The overall prevalence of PE was 17%, but if you look at the prevalence in the only study that included only ED patients, the prevalence was only 3.3%.
Also, in the ED study, the percentage of patients with malignancy was only 5% as compared to another study (with PE prevalence of 25%) where the percentage of patients with malignancy was 29%.
Nobody would argue that a population with a high percentage of patients with malignancy presenting with sob/chest pain would have a high prevalence of PE. However, this is a different point than saying that patients with COPD have a higher prevalence of PE.

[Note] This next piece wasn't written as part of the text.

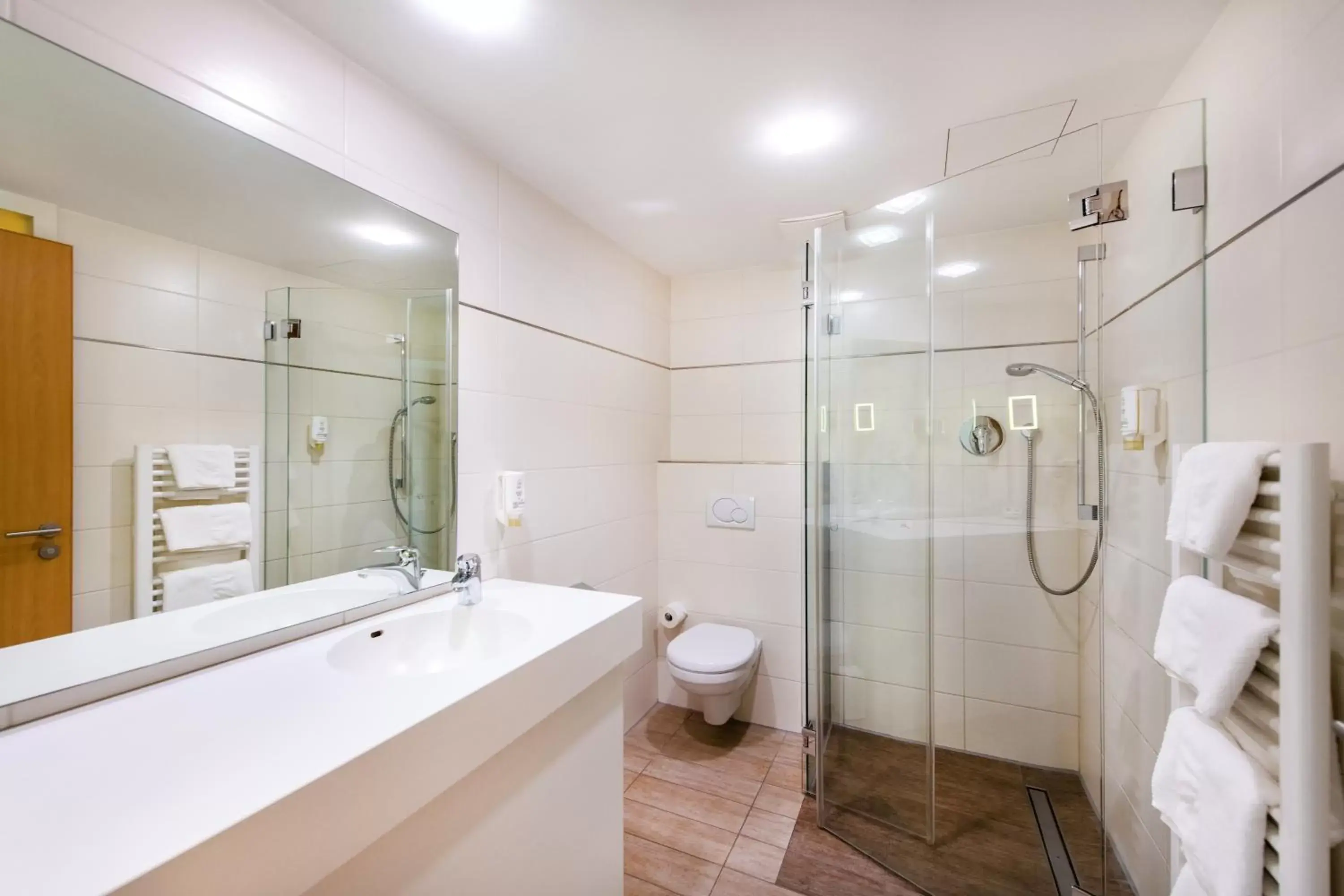 Shower, Bathroom in Diehls Hotel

thanks for clarifying the prevalence in ED pts
Agreed the studies really just bring to light that you should not ignore the differential for acute COPD exacerbation.
Airway viral infection
Bacterial infection (including pneumonia)
Co-infection
Depression and anxiety
Embolism (pulmonary)
Failure (cardiac or lung integrity in a pneumothorax)
General environment
No specific cause identified (I believe our module reading reports this is one third of the time)
And it seems almost a no brainer to consider PE in someone with an intermediate to high pre-test probability for PE. Especially those with a malignancy, history of clot, immobilization ect. And the paper makes a good point that our scoring systems for PE are not validated for someone having a COPD exacerbation. And the D-Dimer is not helpful.
I agree with you, Joe and Jay. Given the prevalence was 3.3% in the ED patients, I wonder if we would miss these patients or would they get ruled out for PE because of some other very obvious risk factor (like malignancy).